No, sister, worthless he is not; and must I then despise him whom I hate? Hate! Indeed, sometimes I can hate him—sometimes, when the Spanish spirit possesses me. Lately, oh! lately, when we met him, his look wrought full, warm love in me! And as I again came home, and his manner recurred to me, and the calm, cold glance that he cast over me, while beside the brilliant Donna; then I became a Spaniard in my heart, and seized my dagger and poison, and disguised myself. Are you amazed, Buenco? All in thought only, of course!

Sophie.

Foolish girl!

Marie.

My imagination led me after him. I saw him as he lavished all the tenderness, all the gentleness at the feet of his new love—the charms with which he poisoned me—I aimed at the heart of the traitor! Ah! Buenco!—all at once the good-hearted French girl was again there, who knows of no love-sickness, and no daggers for revenge. We are badly off! Vaudevilles to entertain our lovers, fans to punish them, and, if they are faithless?—Say, sister, what do they do in France when lovers are faithless?

Sophie.

They curse them.

Marie.

And—

Sophie.

And let them go their ways.

Marie.

Go!—and why shall I not let Clavigo go? If that is the French fashion, why shall it not be so in Spain?

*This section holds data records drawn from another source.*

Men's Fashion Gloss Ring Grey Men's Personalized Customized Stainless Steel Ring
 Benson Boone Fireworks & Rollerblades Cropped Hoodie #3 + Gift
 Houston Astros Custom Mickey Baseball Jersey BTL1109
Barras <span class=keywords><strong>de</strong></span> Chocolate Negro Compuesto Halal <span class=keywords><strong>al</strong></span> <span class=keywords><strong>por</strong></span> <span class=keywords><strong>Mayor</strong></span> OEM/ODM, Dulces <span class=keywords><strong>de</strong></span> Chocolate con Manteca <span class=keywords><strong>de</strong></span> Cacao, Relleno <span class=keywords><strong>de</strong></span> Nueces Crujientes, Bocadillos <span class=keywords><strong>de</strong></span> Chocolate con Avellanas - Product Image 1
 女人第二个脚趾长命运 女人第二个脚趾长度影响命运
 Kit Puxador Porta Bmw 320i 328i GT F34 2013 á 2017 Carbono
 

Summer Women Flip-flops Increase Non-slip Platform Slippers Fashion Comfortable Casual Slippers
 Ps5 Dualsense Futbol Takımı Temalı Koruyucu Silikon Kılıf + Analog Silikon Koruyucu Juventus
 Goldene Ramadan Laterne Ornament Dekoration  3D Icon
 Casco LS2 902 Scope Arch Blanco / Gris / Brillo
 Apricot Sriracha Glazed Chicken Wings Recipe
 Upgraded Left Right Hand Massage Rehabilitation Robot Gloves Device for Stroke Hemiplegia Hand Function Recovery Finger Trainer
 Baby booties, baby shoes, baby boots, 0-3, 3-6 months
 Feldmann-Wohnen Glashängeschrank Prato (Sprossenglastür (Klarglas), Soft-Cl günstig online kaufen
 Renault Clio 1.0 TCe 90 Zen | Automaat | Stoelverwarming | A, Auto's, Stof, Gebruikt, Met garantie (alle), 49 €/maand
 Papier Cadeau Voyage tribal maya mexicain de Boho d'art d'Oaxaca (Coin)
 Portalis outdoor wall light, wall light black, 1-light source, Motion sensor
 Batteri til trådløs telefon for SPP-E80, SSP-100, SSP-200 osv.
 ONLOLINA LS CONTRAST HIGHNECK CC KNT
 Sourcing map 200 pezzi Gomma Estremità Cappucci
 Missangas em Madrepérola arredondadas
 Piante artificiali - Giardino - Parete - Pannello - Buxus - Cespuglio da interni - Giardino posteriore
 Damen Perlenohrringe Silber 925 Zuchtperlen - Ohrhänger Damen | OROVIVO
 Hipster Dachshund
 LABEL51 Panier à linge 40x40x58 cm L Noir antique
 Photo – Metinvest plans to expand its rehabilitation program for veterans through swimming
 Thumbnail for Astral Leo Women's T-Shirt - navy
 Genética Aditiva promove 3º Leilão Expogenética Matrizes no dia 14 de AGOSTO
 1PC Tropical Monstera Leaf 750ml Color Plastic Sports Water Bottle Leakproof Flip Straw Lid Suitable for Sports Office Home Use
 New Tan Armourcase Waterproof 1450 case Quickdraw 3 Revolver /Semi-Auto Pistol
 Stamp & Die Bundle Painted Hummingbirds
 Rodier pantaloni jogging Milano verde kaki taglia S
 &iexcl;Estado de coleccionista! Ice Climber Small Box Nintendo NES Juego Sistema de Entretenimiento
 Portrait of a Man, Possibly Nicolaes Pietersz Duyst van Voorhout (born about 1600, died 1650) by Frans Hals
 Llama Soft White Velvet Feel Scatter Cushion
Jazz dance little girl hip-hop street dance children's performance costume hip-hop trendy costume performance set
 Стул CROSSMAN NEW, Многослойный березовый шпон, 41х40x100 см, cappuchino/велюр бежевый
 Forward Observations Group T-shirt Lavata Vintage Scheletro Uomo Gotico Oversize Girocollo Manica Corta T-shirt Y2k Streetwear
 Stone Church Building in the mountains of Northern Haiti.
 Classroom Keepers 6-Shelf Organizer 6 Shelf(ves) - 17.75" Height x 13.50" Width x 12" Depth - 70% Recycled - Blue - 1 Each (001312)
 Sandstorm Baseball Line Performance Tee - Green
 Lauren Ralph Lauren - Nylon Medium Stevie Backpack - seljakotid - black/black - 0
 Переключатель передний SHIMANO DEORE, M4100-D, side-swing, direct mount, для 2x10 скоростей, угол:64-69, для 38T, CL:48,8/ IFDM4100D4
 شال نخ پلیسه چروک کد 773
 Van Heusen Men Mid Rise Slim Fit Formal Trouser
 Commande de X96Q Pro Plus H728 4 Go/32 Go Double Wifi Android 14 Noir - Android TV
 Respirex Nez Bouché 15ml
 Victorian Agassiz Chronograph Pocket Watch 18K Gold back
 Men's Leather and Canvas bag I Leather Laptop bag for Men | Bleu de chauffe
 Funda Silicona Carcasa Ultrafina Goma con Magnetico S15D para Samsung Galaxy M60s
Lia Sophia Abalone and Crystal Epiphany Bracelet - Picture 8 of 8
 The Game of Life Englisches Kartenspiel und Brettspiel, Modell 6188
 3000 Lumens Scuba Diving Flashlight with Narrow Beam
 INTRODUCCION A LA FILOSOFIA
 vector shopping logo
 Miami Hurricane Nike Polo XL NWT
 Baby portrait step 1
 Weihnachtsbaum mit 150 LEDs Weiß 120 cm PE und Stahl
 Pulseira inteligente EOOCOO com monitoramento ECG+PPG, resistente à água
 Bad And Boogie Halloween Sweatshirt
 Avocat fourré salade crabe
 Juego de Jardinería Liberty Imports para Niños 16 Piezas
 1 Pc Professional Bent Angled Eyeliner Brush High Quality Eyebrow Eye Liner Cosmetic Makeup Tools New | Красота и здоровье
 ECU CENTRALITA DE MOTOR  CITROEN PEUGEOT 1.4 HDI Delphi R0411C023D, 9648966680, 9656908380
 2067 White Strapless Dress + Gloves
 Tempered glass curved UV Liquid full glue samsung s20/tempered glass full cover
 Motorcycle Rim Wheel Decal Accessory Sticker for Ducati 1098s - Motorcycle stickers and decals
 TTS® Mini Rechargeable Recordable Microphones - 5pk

Why shall a Frenchwoman not be a Frenchwoman in Spain? We will let him go and take to ourselves another; it appears to me they do so with us too.

Buenco.

He has broken a sacred promise, and no light love-affair, no friendly attachment. Mademoiselle, you are pained, hurt even to the depths of your heart. Oh! never was my position of an unknown, peaceful citizen of Madrid so burdensome, so painful as at this moment, in which I feel myself so feeble, so powerless to obtain justice for you against the treacherous courtier!

Marie.

When he was still Clavigo, not yet recorder of the king; when he was the stranger, the guest, the new-comer in our house, how amiable was he, how good! How all his ambition, all his desire to rise, seemed to be a child of his love! For me, he struggled for name, rank, fortune; he has all now, and I!—

Guilbertcomes.

Guilbert.

(Privately to his wife.) Our brother is coming!

Marie.

My brother! (She trembles; they conduct her to a seat.) Where? where? Bring him to me! Take me to him!

Beaumarchaiscomes.

Beaumarchais.

My sister! (Quitting the eldest to rush towards the youngest.) My sister! My friends! Oh, my sister!

Marie.

Is it you indeed? God be thanked it is you!

Beaumarchais.

Let me come to myself.

Marie.

My heart!—my poor heart!

Sophie.

Be calm! Dear brother, I hoped to see you more tranquil.

Beaumarchais.

More tranquil! Are you, then, tranquil? Do I not behold in the wasted figure of this dear one, in your tearful eyes, your sorrowful paleness, in the dead silence of your friends, that you are as wretched as I have imagined you to be during all the long way? and more wretched; for I see you, I hold you in my arms; your presence redoubles my sufferings. Oh, my sister!

Sophie.

And our father?

Beaumarchais.

He blesses you and me, if I save you.

Buenco.

Sir, permit one unknown who, at the first look, recognizes in you a noble, brave man, to bear witness to the deep interest which all this matter inspires in me. Sir, you undertake this long journey to save, to avenge your sister! Welcome! be welcome as a guardian angel, though, at the same time, you put us all to the blush!

Beaumarchais.

I hoped, sir, to find in Spain such hearts as yours; that encouraged me to take this step. Nowhere, nowhere in the world are feeling, congenial souls wanting, if only one steps forward whose circumstances leave him full freedom to carry his courage through. And oh, my friends, I feel full of hope! Everywhere there are men of honor among the powerful and great, and the ear of majesty is rarely deaf; only our voice is almost always too weak to reach to their height.

Sophie.

Come, sister! come, rest a moment. She is quite beside herself.

[They lead her away.

Marie.

My brother!

Beaumarchais.

God willing, if you are innocent, then all, all vengeance on the traitor! (ExeuntMarieandSophie.) My brother!—my friends!—I see it in your looks that you are so. Let me come to myself, and then!—a pure, impartial recital of the whole story. This must determine my actions. The feeling of a good cause shall confirm my courage; and, believe me, if we are right, we shall get justice.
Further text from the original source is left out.